Trying to put an optimistic outlook on some of the current fiery debates among the political class over judicial activism versus conservatism, Hendel said it took about 50 years for the United States to work out what judicial review should mean after the historic constitutional Marbury v. Madison decision was handed down in 1803.

“The question of what is a Jewish and democratic state is not an easy one and does not have an obvious conclusion at all,” he said in the interview. “In the long-term, I am optimistic and hope that these issues will be sorted out and understood. The court must perform its work, including defending minority rights, eventually along with sensitivity to the state’s Jewish character.” 

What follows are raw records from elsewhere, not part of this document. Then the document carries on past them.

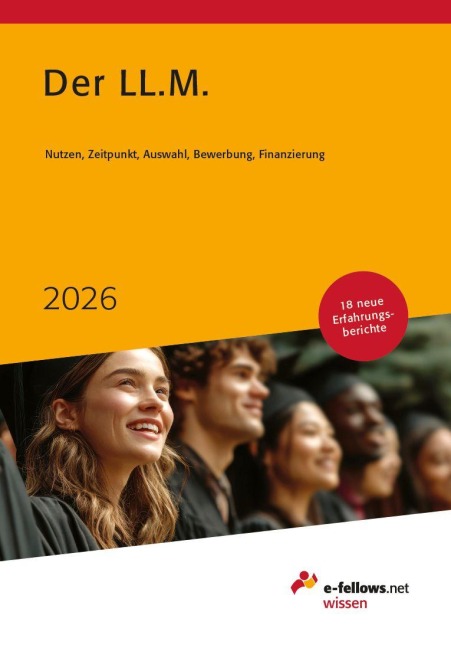 Der LL.M. 2026 - 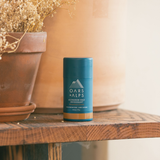 Oars + Alps Men's Aluminum Free Natural Deodorant, Bergamot Grove 2.6 oz.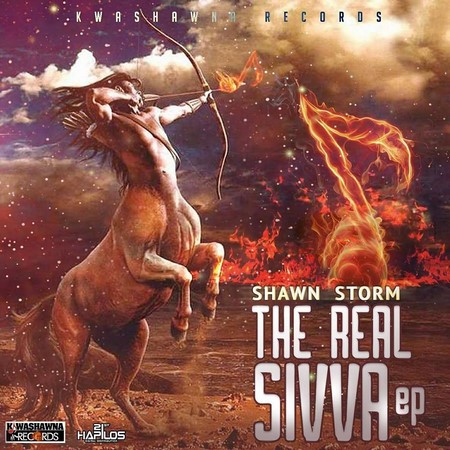 SHAWN STORM - THE REAL SIVVA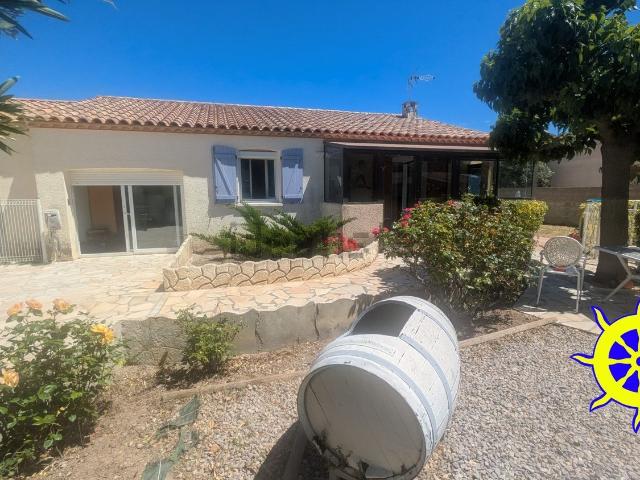 Maison, La Palme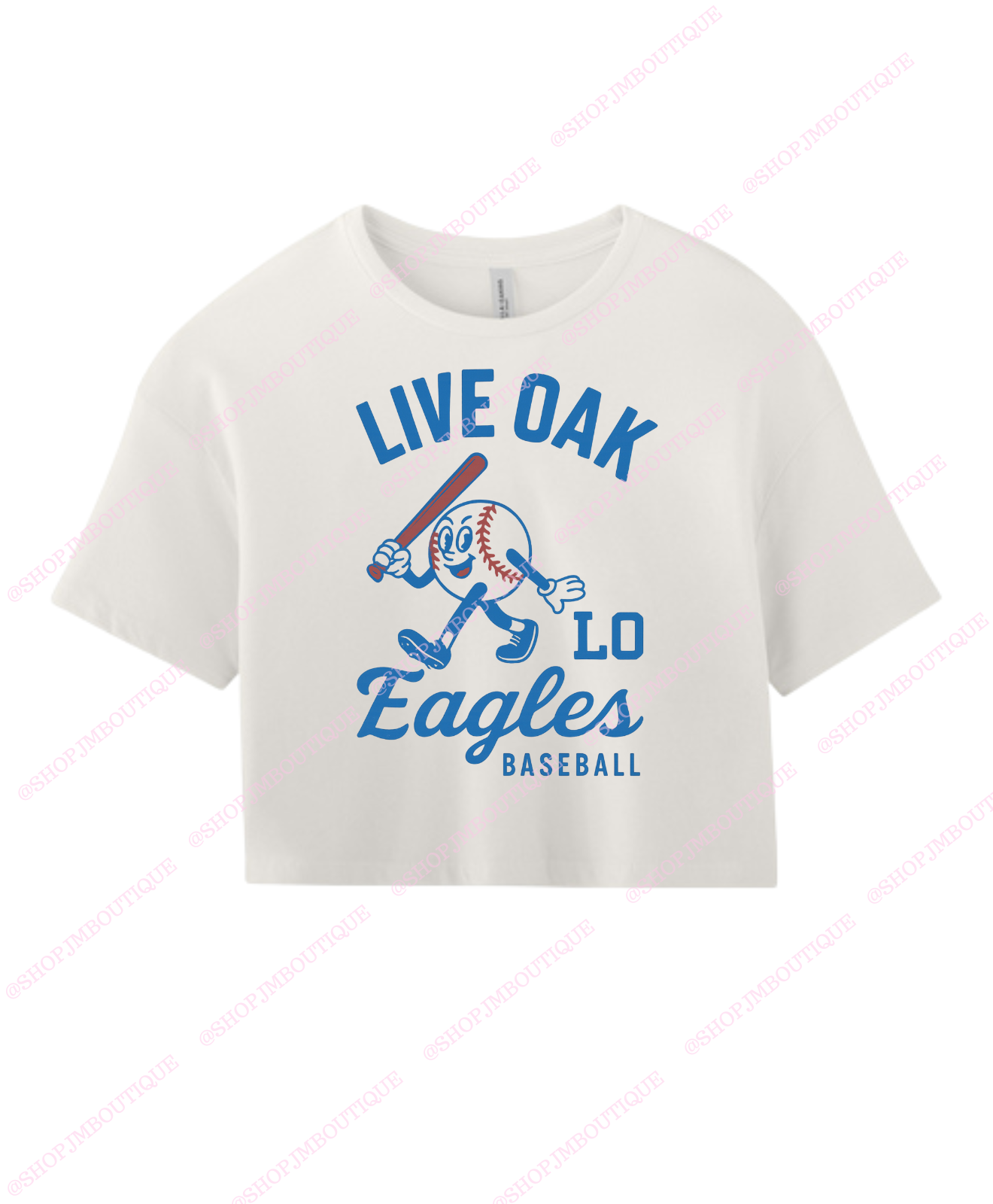 *NEW* PRE-ORDER LO BASEBALL - DESIGN 7 - UNISEX/WOMEN'S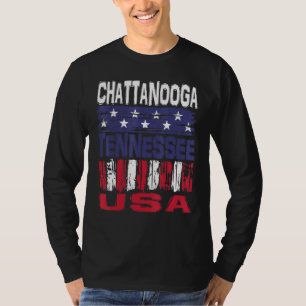 Chattanooga Tennessee Usa T-Shirt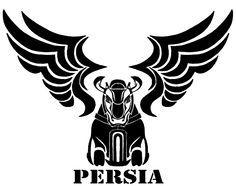 Persian Logo - 15 Best persian logo design images in 2019 | Logo designing, Glyphs ...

“The question of what is a Jewish and democratic state is not an easy one and does not have an obvious conclusion at all. In the long-term, I am optimistic and hope that these issues will be sorted out and understood. The court must perform its work, including defending minority rights, eventually along with sensitivity to the state’s Jewish character.”

Neal Hendel
 NEAL HENDEL (credit: Wikimedia Commons) NEAL HENDEL (credit: Wikimedia Commons)

But who is Hendel in terms of where his decisions are on the spectrum of critical debates over judicial liberalism versus conservatism?

What does Neal Hendel think about the issues in Israel?

ALL JUSTICES bring their own nuances to the court and do not necessarily fit neatly into the public’s stereotypes of clear-cut opposing camps. Roughly speaking, however, Hendel’s rulings put him in the moderate conservative category, with the notable exception of him being especially liberal on certain freedom-of-speech issues.

When it came to balancing security and democracy and Left-Right issues related to Palestinians, Hendel was a strong conservative.

In the Supreme Court ruling rejecting attempts to legalize the Mitzpe Kramim outpost after it had already been built without the government’s authorization, he voted in the minority in favor of legalizing.

Hendel supported the majority Supreme Court ruling that found that the IDF’s rules of engagement during the 2018 Gaza border conflict complied with international law. He wrote poetically and referred to the biblical story of the trickery used by Jacob to fool Isaac, saying, “The voice was a voice of protest, but the hands were the hands of terror.” In other words, part of why the IDF could use force was because it was dealing with various forms of attacks and violence from Gaza, not just peaceful protests.

But he was in the minority when he voted to allow the government to hold terrorists’ bodies in order to use them as a bargaining chip to obtain bodies of Israelis from Hamas, which has effectively held hostage some Israeli remains.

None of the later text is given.